> [EXERCISE] Each line below should be retyped exactly, with no pictures.

== DATA EXTRACT ==

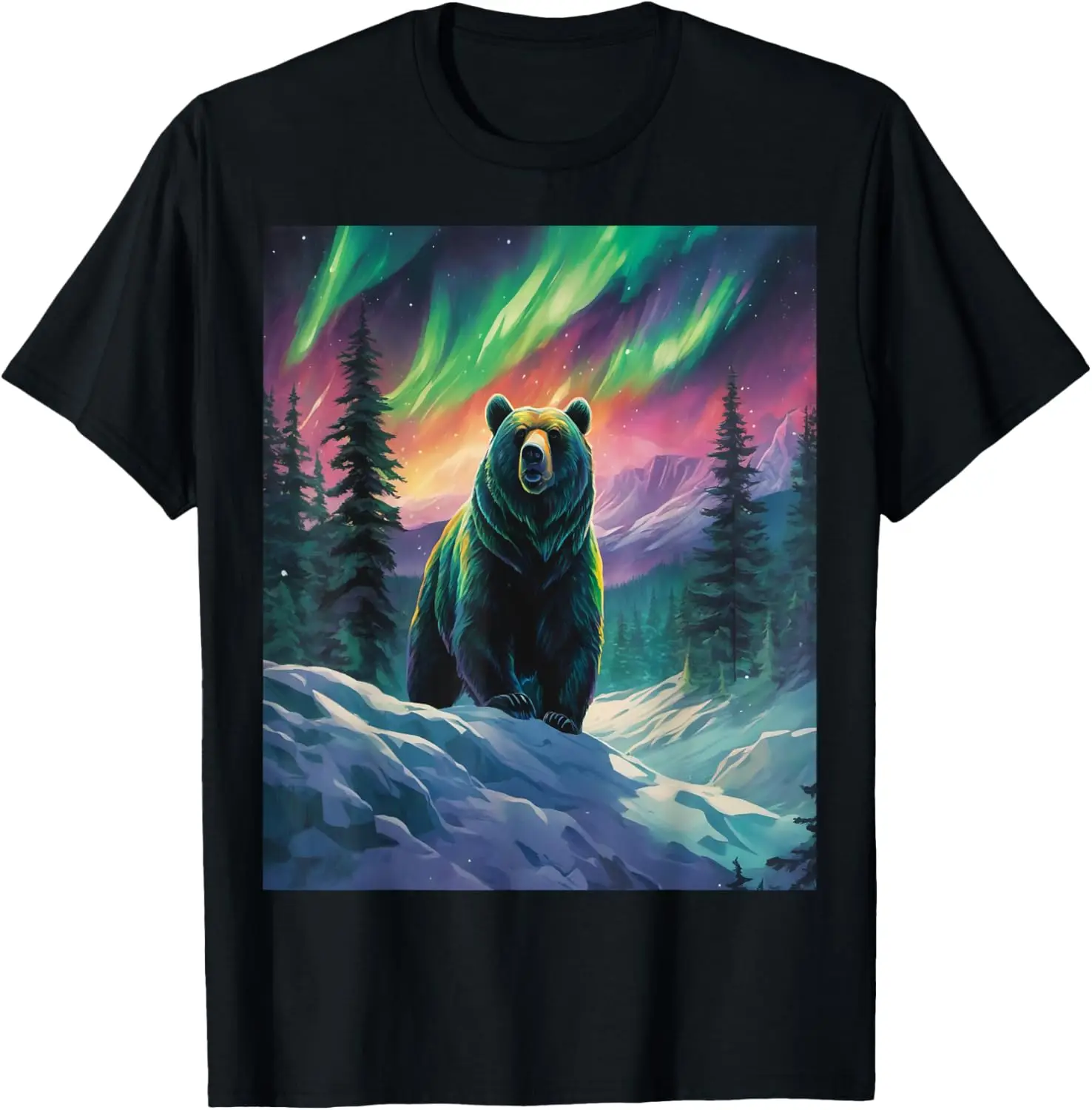 Grizzly Bear, Northern Lights, Snow, Winter, Nature, Animals T-Shirt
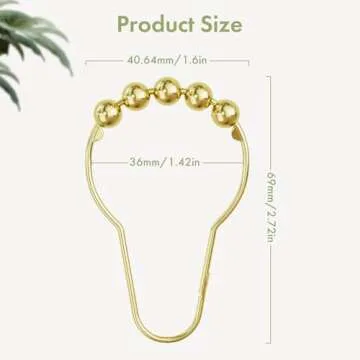 Amazer Gold Shower Curtain Hooks - 12 Rust Proof Rings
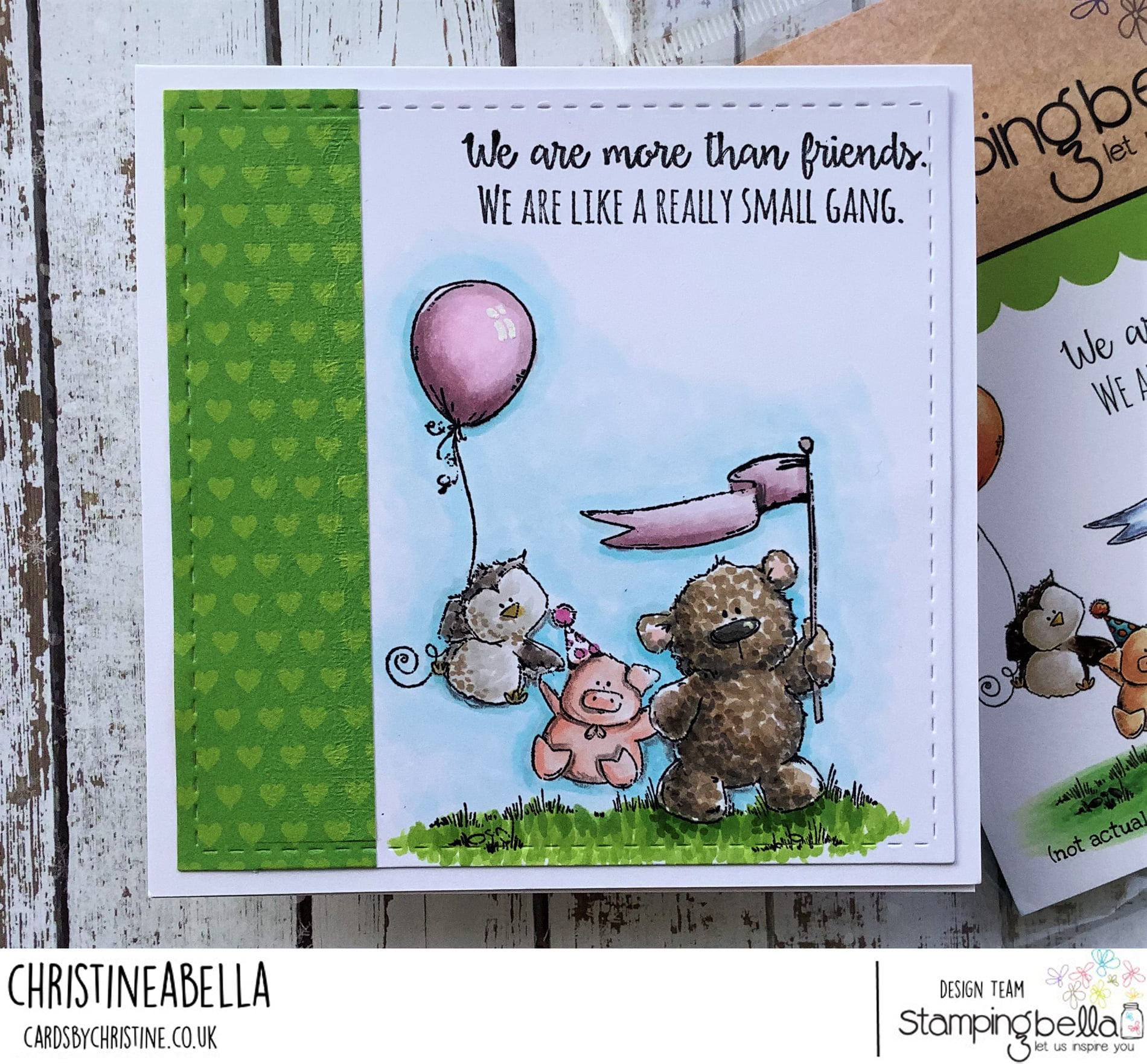 www.stampingbella.com : rubber stamp used- STUFFIE GANG, card by Christine Levison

===

> [REPLY TO THE TASK]
 Grizzly Bear, Northern Lights, Snow, Winter, Nature, Animals T-Shirt
 Amazer Gold Shower Curtain Hooks - 12 Rust Proof Rings
 www.stampingbella.com : rubber stamp used- STUFFIE GANG, card by Christine Levison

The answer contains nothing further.